Source records section start
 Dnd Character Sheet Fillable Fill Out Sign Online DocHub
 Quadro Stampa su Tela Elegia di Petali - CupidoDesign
Source records section end
Source records section start
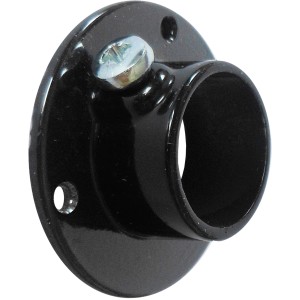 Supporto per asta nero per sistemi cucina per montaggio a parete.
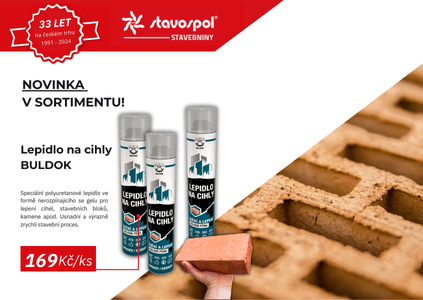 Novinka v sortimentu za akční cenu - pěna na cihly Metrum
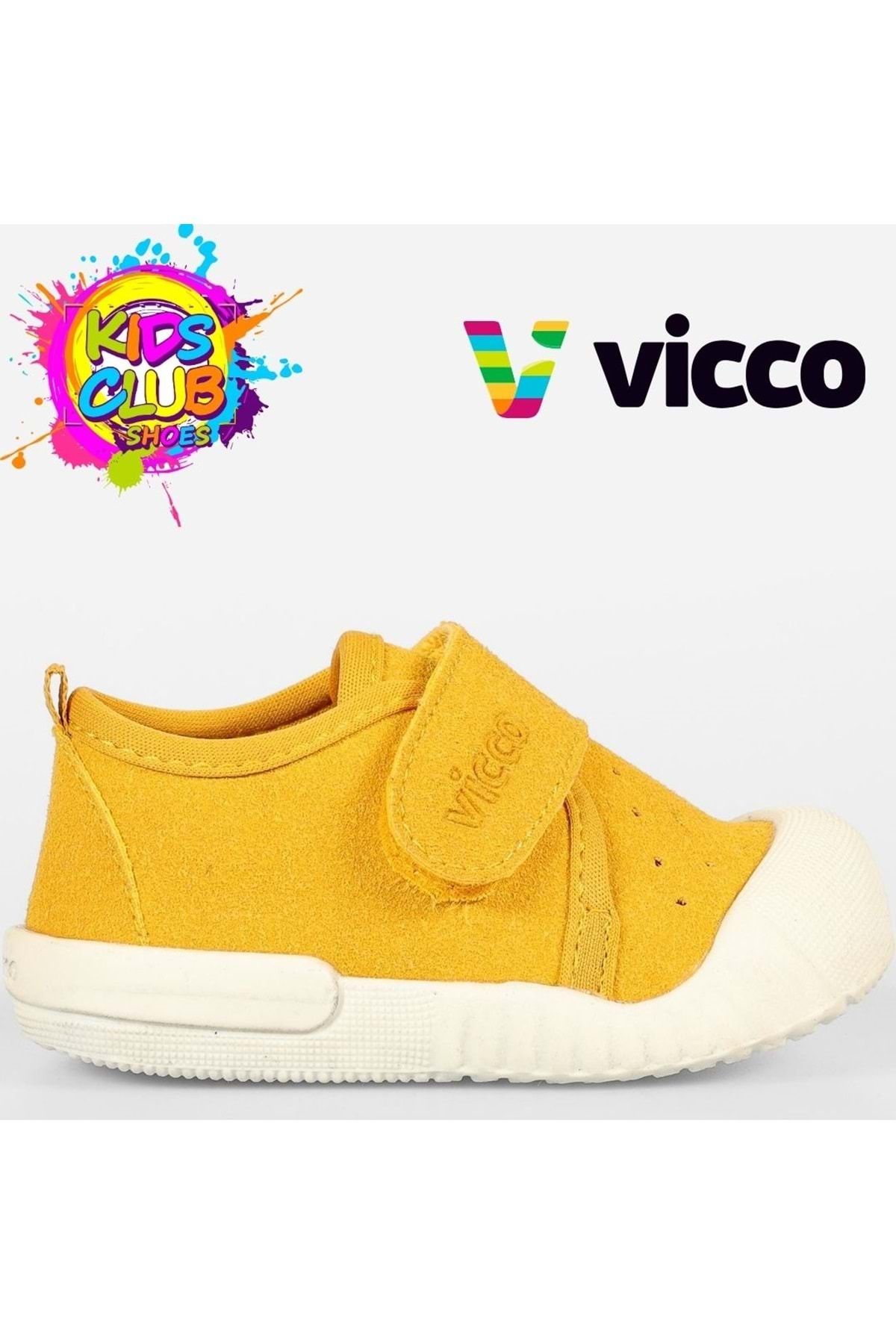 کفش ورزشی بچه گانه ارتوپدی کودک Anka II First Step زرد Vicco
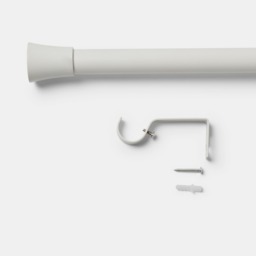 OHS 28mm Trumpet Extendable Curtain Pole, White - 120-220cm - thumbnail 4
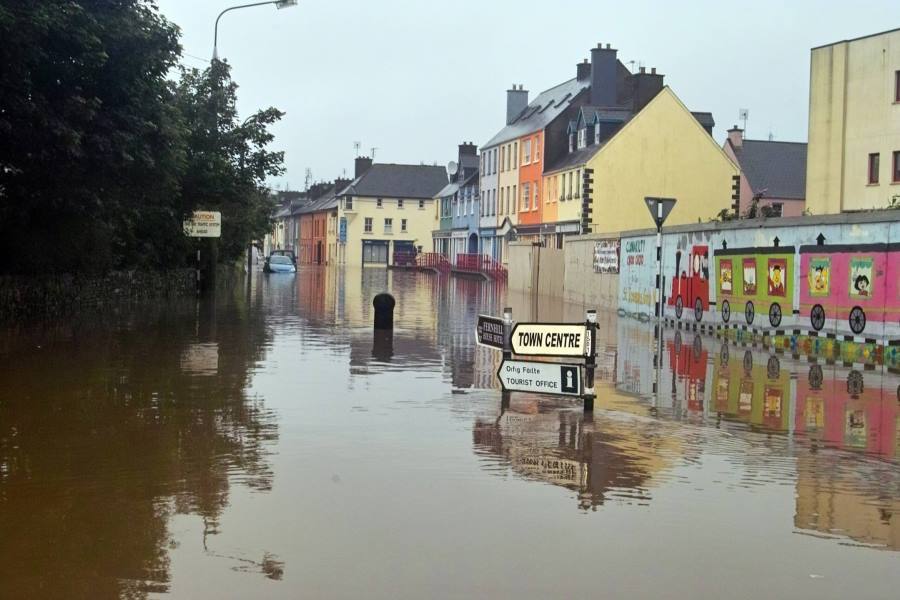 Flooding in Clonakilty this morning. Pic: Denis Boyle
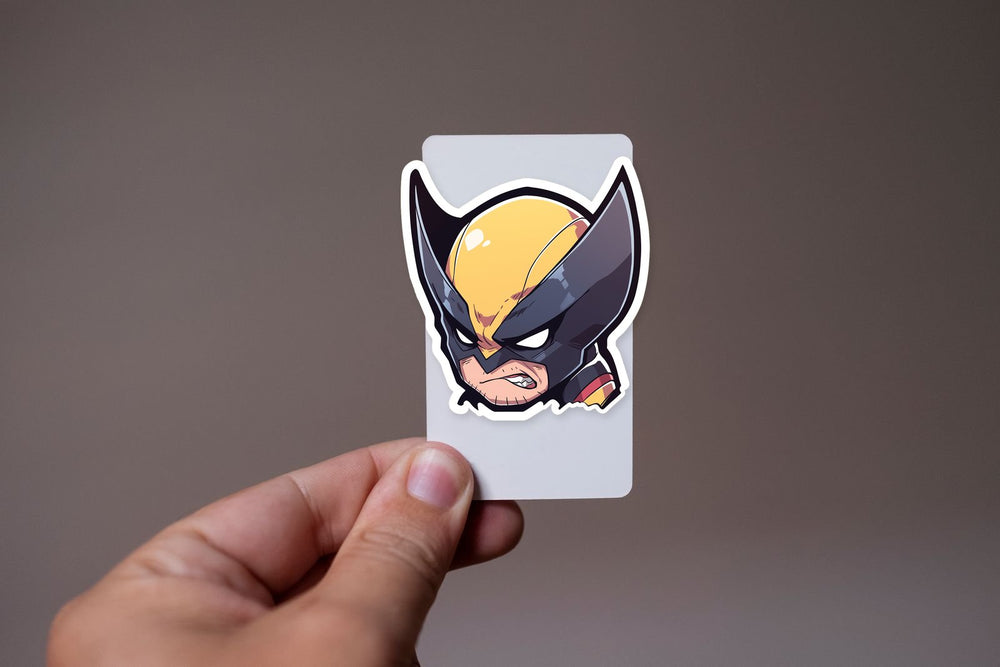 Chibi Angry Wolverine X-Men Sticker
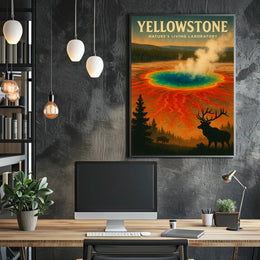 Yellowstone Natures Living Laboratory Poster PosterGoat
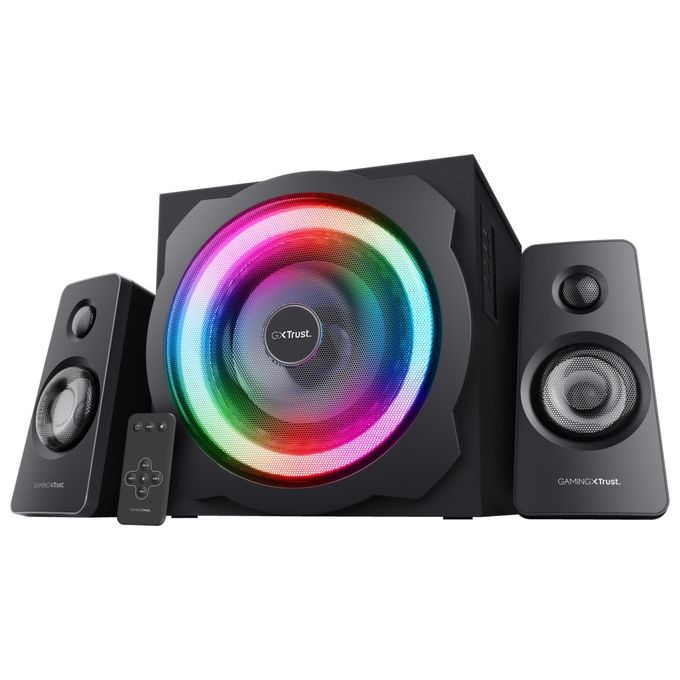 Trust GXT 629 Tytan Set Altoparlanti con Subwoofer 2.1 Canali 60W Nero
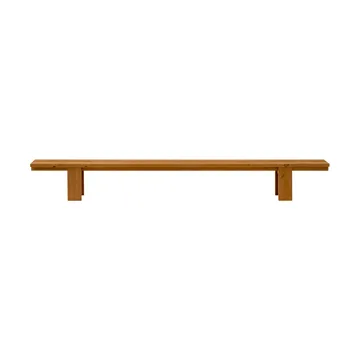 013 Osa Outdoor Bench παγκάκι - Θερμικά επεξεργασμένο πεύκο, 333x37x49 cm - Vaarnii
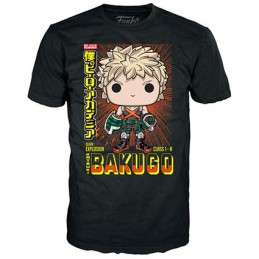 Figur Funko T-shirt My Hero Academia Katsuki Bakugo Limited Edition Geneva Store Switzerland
Source records section end
Using the listing above, return word for word each line from the one that has "Dnd Character Sheet" through the one that has "Quadro Stampa su", and no line outside that range.

 Dnd Character Sheet Fillable Fill Out Sign Online DocHub
 Quadro Stampa su Tela Elegia di Petali - CupidoDesign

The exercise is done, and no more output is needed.